Beef Beef

The southern California meat processor Westland/Hallmark Meat Company issued America’s largest beef recall last Sunday following the animal abuse scandal that was exposed by an undercover investigation by the company.
An investigator for the Humane Society of the United States spent six weeks working at the Chino slaughterhouse, helping to drive cattle from trucks and pens into a chute that led to the killing area. Using a tiny hidden camera he captured the mistreatment and slaughter of animals too weak or sick to walk.
‘It was so blatant, so commonplace,’ the investigator said, speaking from an anonymous location. ‘It was so in-your-face . . . they were pushing animals we felt never should have qualified for human consumption.’

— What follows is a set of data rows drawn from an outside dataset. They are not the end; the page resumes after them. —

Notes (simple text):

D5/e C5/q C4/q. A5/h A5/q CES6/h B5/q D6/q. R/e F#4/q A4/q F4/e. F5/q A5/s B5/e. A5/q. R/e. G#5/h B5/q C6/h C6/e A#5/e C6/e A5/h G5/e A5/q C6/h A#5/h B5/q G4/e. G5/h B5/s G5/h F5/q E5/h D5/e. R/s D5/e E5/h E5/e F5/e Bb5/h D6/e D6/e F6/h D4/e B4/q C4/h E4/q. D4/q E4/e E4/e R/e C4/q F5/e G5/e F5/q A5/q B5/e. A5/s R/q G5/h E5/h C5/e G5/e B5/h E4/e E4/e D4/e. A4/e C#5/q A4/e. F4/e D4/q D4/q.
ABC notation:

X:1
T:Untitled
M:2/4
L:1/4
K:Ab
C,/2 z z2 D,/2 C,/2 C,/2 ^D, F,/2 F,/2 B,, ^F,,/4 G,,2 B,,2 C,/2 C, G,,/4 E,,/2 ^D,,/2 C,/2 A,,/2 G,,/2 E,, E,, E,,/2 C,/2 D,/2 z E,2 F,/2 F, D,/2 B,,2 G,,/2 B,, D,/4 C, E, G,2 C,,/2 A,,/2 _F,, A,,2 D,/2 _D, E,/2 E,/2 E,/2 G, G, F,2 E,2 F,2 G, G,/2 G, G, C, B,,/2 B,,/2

The resulting video, shown on television and on YouTube and other websites, has caused uproar since its release on January 30. The footage shows workers kicking sick cows and using forklifts to force them to walk. Cows that are unable to walk, called downer cows, have been banned from the food supply by the federal government as they pose a great disease risk.

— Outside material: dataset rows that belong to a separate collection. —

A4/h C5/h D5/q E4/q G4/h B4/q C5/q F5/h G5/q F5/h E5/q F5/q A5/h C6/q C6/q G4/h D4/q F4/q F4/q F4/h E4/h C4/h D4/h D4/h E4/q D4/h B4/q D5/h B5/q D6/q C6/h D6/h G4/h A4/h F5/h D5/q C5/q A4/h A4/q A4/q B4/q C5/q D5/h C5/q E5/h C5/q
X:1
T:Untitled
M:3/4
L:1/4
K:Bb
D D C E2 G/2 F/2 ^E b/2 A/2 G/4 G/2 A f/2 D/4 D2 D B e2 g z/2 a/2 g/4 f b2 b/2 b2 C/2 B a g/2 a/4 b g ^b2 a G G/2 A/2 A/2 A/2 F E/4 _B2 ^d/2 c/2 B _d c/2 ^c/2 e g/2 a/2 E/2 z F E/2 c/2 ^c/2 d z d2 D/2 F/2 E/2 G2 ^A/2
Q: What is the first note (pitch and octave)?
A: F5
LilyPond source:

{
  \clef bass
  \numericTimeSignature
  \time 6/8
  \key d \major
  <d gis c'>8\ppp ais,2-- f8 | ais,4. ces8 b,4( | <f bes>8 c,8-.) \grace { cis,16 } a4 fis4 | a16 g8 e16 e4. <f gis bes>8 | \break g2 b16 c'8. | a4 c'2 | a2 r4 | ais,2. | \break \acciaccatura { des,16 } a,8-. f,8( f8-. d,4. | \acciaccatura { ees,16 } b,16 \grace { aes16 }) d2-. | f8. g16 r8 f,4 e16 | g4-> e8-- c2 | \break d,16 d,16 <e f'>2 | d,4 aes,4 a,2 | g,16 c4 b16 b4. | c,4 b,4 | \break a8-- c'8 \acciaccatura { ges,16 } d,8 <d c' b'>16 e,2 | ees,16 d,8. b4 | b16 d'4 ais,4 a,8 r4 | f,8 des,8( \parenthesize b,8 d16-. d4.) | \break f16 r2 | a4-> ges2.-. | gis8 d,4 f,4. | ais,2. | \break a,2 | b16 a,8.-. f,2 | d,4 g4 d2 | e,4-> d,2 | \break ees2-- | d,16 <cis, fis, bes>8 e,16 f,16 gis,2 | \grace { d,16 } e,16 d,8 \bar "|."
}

The Department of Agriculture’s inspectors are required to monitor slaughterhouses for such abuse and conduct pre-slaughter inspections on all cattle on the day of slaughter. Companies must alert Department veterinarians if cows become unable to walk after passing this inspection, but Westland/Hallmark staff have not always followed this ruling.

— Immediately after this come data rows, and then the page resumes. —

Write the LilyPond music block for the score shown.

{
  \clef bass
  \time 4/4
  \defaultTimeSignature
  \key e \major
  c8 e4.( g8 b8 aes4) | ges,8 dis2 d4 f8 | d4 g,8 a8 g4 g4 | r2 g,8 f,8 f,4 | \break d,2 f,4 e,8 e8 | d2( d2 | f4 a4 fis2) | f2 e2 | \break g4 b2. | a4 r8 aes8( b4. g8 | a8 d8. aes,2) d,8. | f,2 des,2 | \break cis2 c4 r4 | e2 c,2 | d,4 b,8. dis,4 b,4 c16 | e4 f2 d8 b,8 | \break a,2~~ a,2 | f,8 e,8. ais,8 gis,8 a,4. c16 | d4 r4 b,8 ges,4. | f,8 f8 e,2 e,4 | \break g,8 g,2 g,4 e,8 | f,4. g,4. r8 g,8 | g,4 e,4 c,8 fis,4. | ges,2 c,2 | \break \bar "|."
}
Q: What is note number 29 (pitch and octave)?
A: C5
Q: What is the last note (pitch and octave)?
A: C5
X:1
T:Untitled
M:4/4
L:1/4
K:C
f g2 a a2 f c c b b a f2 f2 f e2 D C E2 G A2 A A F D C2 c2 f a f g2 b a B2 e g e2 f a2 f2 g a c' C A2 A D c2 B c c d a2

143 million pounds of raw and frozen meat product has been recalled, a significant portion of which was intended for school lunch programs and other federal nutrition programs where it would have already been consumed. Officials say that the recalled meat poses little health risk, as the animals had already passed pre-slaughter inspection, but it was necessary to recall the meat as the cattle did not receive complete and proper inspection.
The Department of Agriculture has begun an inquiry into the company and suspended Westland/Hallmark as a supplier to federal nutrition programs. Company president Steve Mendell said that he was ‘shocked and horrified’ by the videos and voluntarily suspended operations pending the outcome of the federal inquiry.